By implication, certain societies stigmatise and castigate the rape victim, making the victim just as culpable for being raped. Where the milk of human kindness and compassion should provide succour the family takes on a pall of shame and disowns the victim who becomes an unfortunate victim, twice raped by the act and the rejection.

Thankfully, this horrible act did not happen in Liberia where it probably would have gone unpunished but in the United States. It appears these Liberian immigrants need to be dragged like slaves of old kicking, screaming and so reluctantly into the modern age now.

Parental responsibility

The girl is now under the care of the Arizona Child Protection Services (ACPS) and would probably have to be adopted and raised by some more understanding and loving family.

More so, it speaks volumes about an aspect of African child-rearing that rarely gets talked about where providing shelter, food and education is automatically equated with love when those elements are just matters of fundamental responsibility.

Because if there was real parental love, it is unlikely that the girl would have been disowned in the moment of her greatest need. In fact, one would have expected the parents to treat this as an affliction as serious as a very ill child, but they had been schooled in despicable old cultural norms which had been superseded by modernity.

This is abandonment, simple

In what smacks of deplorable political correctness, the police have suggested of the parents, “They didn’t abandon the child, they committed no crime. They just didn’t support the child, which led to CPS coming over there.”

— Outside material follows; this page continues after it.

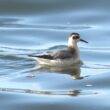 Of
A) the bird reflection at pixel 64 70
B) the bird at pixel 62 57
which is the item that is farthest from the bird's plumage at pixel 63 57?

I see things differently, if you do not support your 8-year-old child because of something that happened to the child apart from death, you have abandoned that child and it should attract the heaviest sanctions possible. This is in the realm of basic parental responsibility in which whatever happened to that child cannot be entirely divorced from the kind of upbringing the parents have given the child.

Withdrawing support is too fanciful for words, just imagine if life support were withdrawn from the parents, what fanciful twist of words would be offered to explain the consequence of that?

The parents need evaluation

In the least, those parents should in the circumstances be deprived of custody of this child, if there are other siblings, the circumstances in that home should be evaluated to ensure that parental support does not get withdrawn on the whim of some other old cultural norm – they should be under the threat of losing the custody of any siblings and future siblings.

Furthermore, as the President of Liberia suggested, they are in need of radical counselling, first to understand parental responsibility in the modern age, then to appreciate the vagaries of child-rearing and also be educated about the trauma of child sexual abuse which should be more about how it affects the child and not about their standing in society. Shame on those shameless parents.

No society or community, indigenous or in Diaspora should be able to stand and be counted when keeping face trumps dealing compassionately and tenderly with the sexual abuse of a child and most especially when it is rape.